Quand j'ai rejoint mes hommes au salon, je leur ai charitablement apporté quelques cacahuètes.
– Allez, prends un ch'ti d'mi avec nous ! a proposé Thierry. I't'f'ra pas de mal, çui-là !
Et comme je ne l'avais pas attendu pour :
– Eh d'donc toi… J'croyais qu't'étais malade ?

Admettons. Admettons que par le plus grand des hasards vous passiez dans ma rue. Admettons que, levant les yeux en l'air, vous voyiez de la lumière, et que la porte de devant soit entrouverte. Admettons qu'enhardi par l'avalanche de confidences faussement joyeuses qui précède vous choisissiez d'entrer, pour venir vous asseoir aussi délicatement que Thierry – votre jean plein de plâtre et de tâches dont seule une analyse ADN saurait déterminer la provenance, et encore – sur mon canapé. Ça y est, vous êtes bien installés ? Alors voilà : si vous dîtes seulement la moitié du quart de ce qu'il vient de me dire, je vous étripe. Vu ?

Seulement, lui c'est Thierry, et Thierry peut tout se permettre ou presque avec moi. Même d'avoir un coup dans l'aile à même pas huit heures du soir. Bon, je passe sur ses bêtises et je me mets en tête de leur raconter mon histoire.
– Eh les garçons, vous allez rire… Cette nuit j'ai fait un rêve avec des singes, et vous étiez tous les deux dedans !
– Où c'est qu't'as vu d'singes ici toi ? me demande Thierry.
– C'était drôle, hihi ! Enfin, ça faisait un peu peur, au début. Vous voulez que je vous raconte ? Alors d'abord, la cuisine donnait sur une grande terrasse avec un balcon, et…
– Ah bon ! Y-a un' terrasse dans t'cuisine maint'nant ?
– Naaan, c'était dans mon rêve ! Et là, y-avait deux singes…
– Oui, j'la connais celle-là, m'a coupée Thierry.
– Mais tu ne peux pas la connaître, puisque…
– T'connais celle vec l'éléphant ?
– Non, j'ai dit. Mais je…
– Au fait, j'ai oublié d'te d'mander ! il a continué.
Il s'est tourné vers mon mari :
– J'tendu dire qu'vec l'nouvelle grille d'salaires on allait tous êt' augmentés. C'vrai ça ?

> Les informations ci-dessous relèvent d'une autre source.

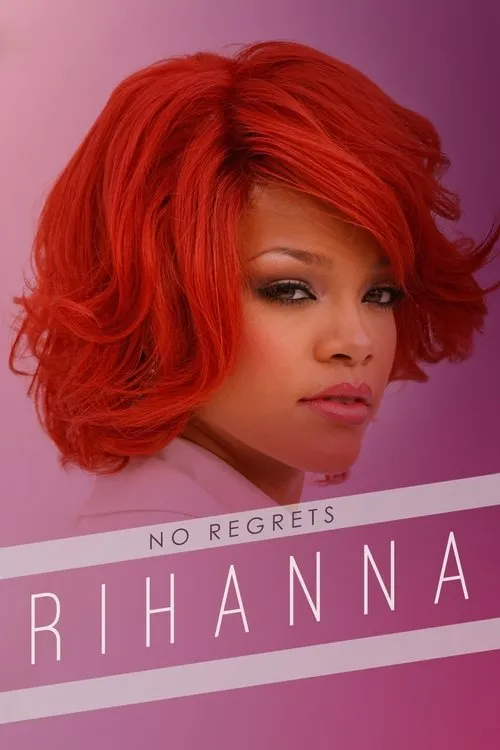 Póster de Rihanna: No Regrets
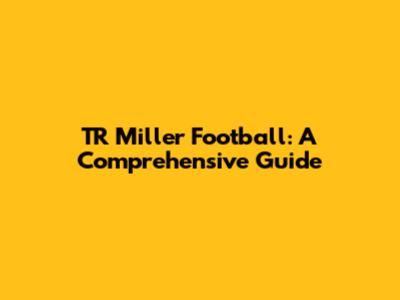 TR Miller Football: A Comprehensive Guide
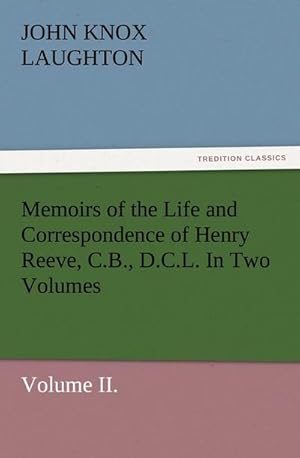 Bild des Verkufers fr Memoirs of the Life and Correspondence of Henry Reeve, C.B., D.C.L. In Two Volumes. Volume II. zum Verkauf von AHA-BUCH GmbH
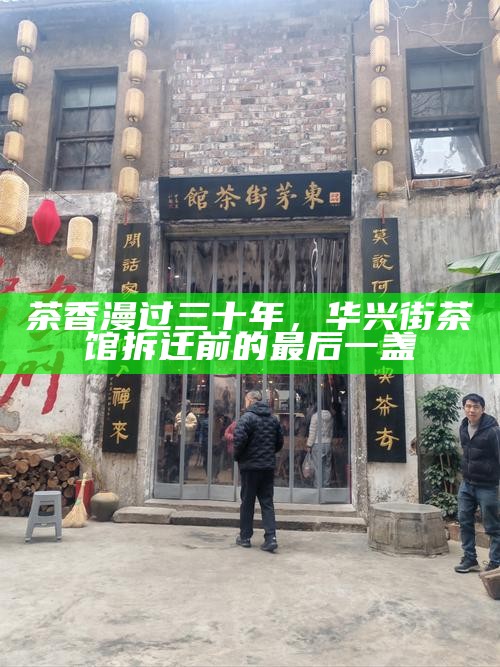 茶香漫过三十年，华兴街茶馆拆迁前的最后一盏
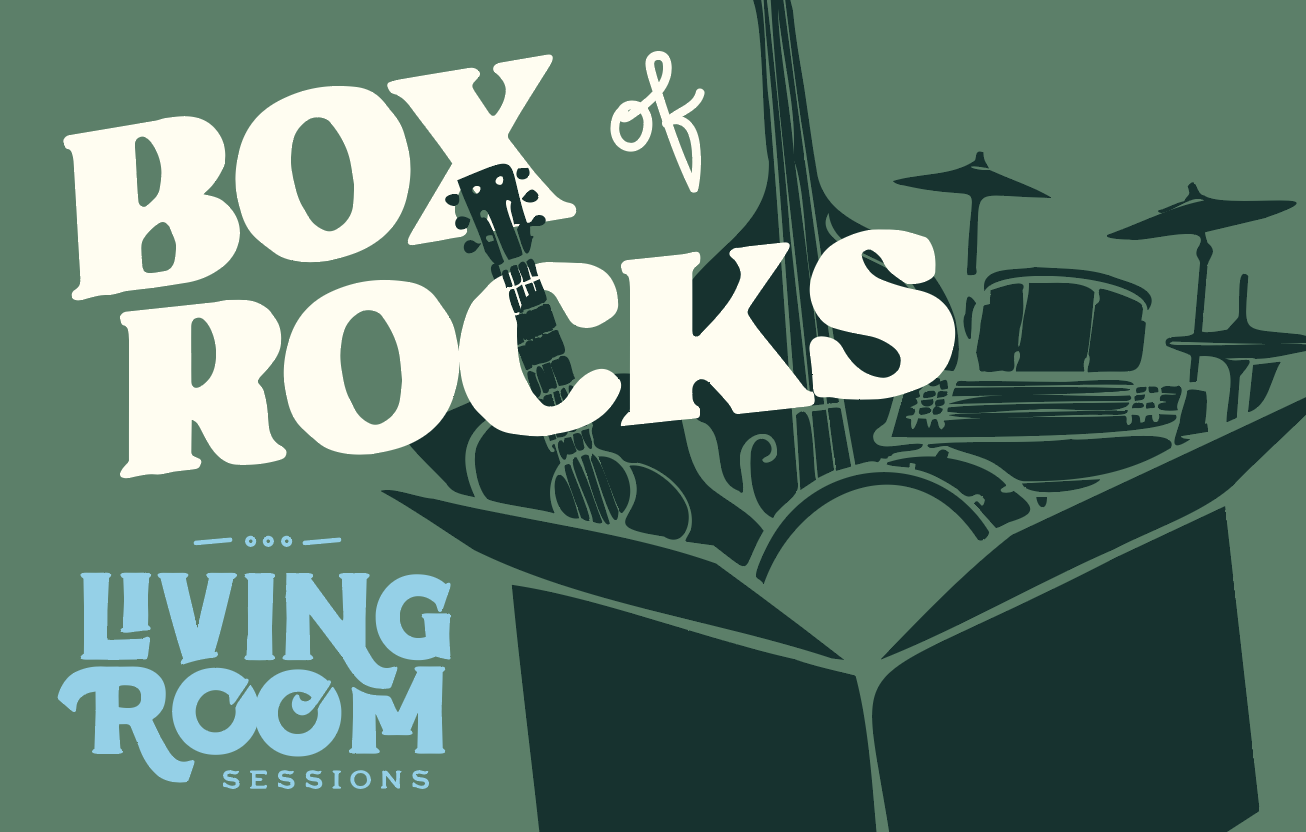 LIVING ROOM SESSIONS // Box of Rocks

Dans ces coups de temps-là, aujourd'hui je ne me tracasse plus. Tu seras grande ma fille, tu seras forte ; tu serreras tes poings s'il le faut, mais jamais, jamais tu m'entends ? tu n'iras pleurer dans un coin en prétendant que personne ne t'écoute. Agis plutôt avec doigté. Pose ton verre sur la table comme si tu allais revenir, et laisse tes amateurs de bière deviser sereinement sur l'état du syndicalisme au sein des industries électrique et gazière. Pourquoi n'irais-tu pas te passer un peu d'eau froide sur le visage ?


Je sais que ça vous paraîtra ridicule, mais au fil des mois ma salle de bains est devenue un VRAI problème, pour moi. Je vous passe l'état de la faïence, des robinets, l'absence d'un mitigeur digne de ce nom dans la pièce – et quand je dis pièce je me comprends. Car mon drame est là : ma salle de bains est scandaleusement petite. Chez moi, rien qu'avec les placards que l'ancien proprio a installés au dessus de la baignoire, prendre sa douche sans se cogner la tête est une épreuve digne de Fort-Boyard.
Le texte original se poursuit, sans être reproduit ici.